How do we know that Deneve and all those Claymores have supersonic foot speed? I can understand them having supersonic reflexes and arm movements but what feats make you think that they can run that fast? 

I recall Theresa being unable to catch up to a bunch of horses in her flashback and she was a number one.


----------



## Oceania (Mar 17, 2011)

Yes I considered the fact that Deneve has two swords that are nearly as big as Guts's dragonslayer. That is why the battle takes place in a very heavily forested area. Makes it more difficult for both combatants! 

On the Teresa speed.... Remember she wasnt using any yoki when trying to catch up to those bandits.


----------



## willyvereb (Mar 17, 2011)

hcheng02 said:


> I recall Theresa being unable to catch up to a bunch of horses in her flashback and she was a number one.



Outlier?

Riful travelled at least an entire mile in less than a second.
Yet Priscilla blitzed her from huge distances.
On the same note the Ghosts managed to run away from Priscilla chasing them. Despite she was in her awakened form, unlike against Riful.


----------



## hcheng02 (Mar 17, 2011)

willyvereb said:


> Outlier?
> 
> *Riful travelled at least an entire mile in less than a second.*
> Yet Priscilla blitzed her from huge distances.
> On the same note the Ghosts managed to run away from Priscilla chasing them. Despite she was in her awakened form, unlike against Riful.



When did this happen?

Maybe I'm remembering wrong, but didn't the Ghosts get away because of a headstart since Priscilla was distracted by Riful and Gauf? I do believe that once Priscilla actually started to chase them, she was managing to catch up pretty quickly.


----------



## willyvereb (Mar 17, 2011)

Back in the Witch's Maw arc. She literally disappeared from both Clare and Galatea's sensing range.
Also even if the Claymores got a little headstart, they didn't get blitzed. Unlike Riful who got blitzed from roughly miles of distance by a human-form Priscilla.


----------



## hcheng02 (Mar 17, 2011)

willyvereb said:


> Back in the Witch's Maw arc. She literally disappeared from both Clare and Galatea's sensing range.
> Also even if the Claymores got a little headstart, they didn't get blitzed. Unlike Riful who got blitzed from roughly miles of distance by a human-form Priscilla.

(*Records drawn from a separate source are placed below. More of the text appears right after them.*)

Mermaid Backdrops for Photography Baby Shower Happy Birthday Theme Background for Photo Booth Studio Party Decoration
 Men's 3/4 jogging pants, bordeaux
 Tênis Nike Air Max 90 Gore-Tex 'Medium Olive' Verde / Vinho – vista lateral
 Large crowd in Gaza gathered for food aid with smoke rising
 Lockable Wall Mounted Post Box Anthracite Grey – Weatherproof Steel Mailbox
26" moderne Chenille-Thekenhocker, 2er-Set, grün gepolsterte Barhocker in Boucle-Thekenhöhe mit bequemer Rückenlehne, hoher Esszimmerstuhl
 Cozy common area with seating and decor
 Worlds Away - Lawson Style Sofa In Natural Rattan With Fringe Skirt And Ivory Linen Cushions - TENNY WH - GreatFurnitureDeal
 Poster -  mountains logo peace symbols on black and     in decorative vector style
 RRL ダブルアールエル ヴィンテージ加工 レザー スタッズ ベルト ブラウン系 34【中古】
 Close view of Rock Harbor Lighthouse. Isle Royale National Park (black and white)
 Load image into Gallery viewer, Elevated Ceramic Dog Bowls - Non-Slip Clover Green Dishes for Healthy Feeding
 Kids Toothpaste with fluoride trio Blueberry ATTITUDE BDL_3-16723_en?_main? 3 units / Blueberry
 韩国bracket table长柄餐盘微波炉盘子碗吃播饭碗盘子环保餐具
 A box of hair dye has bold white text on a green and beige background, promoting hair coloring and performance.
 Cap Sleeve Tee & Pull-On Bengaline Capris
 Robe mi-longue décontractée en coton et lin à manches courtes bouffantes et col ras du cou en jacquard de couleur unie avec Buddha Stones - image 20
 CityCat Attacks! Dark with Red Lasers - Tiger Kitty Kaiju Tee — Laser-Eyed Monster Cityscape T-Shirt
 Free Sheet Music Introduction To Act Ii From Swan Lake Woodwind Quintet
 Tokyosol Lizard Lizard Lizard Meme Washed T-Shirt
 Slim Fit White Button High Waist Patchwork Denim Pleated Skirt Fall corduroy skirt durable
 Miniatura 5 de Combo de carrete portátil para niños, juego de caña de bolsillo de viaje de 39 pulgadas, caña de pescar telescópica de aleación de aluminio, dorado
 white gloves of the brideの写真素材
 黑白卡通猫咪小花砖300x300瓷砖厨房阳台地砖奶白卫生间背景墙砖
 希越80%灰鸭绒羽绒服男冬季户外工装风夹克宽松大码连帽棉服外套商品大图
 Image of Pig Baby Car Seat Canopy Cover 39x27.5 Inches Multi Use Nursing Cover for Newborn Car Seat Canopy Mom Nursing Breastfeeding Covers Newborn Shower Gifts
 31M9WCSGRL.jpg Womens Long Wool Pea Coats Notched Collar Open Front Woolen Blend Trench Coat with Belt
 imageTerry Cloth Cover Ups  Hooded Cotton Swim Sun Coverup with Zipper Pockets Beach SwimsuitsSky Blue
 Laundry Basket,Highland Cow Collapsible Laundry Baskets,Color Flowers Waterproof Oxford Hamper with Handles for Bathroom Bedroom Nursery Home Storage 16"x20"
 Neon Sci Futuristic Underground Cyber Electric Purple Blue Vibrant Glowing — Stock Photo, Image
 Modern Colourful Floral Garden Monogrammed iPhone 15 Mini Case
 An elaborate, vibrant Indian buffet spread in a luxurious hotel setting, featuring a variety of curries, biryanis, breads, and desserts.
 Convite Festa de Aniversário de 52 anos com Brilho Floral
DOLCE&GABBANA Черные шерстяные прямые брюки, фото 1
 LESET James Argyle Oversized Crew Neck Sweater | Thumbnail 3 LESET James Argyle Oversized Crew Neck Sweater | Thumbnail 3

IIRC Riful was barely standing when Priscilla got to her. Wasn't Riful already exhausted from fighting Alicia and Beth as well as the Abyssal Feeders? (I think she might have fought some Destroyer Spawn too, its been a while.) I don't think Priscilla's performance against Riful can give clear indication of how fast she was. 

I don't think one can say that the Claymores are faster than Priscilla just because they weren't blitzed with a massive head start. Especially since they were noting that they were steadily losing ground - in short Priscilla would technically be going faster then they were in order to catch up to them.


----------



## willyvereb (Mar 17, 2011)

Indeed, but blitzing even a normal human from miles is considered to be isnane feat. Now Pirscilla did it to an Abyssal One. Being weakened or not.
Also I never mentioned Claymores being faster than Priscilla. But the fact they didn't get instantly blitzed is more than enough to clarify them as hypersonic in speed. By the way they did get far away from Priscilla in a short notice. Also she even noted how surprisingly fast the Ghosts are.


----------



## Oceania (Mar 17, 2011)

Well the good thing is we know that this fight won't end in Sex!


----------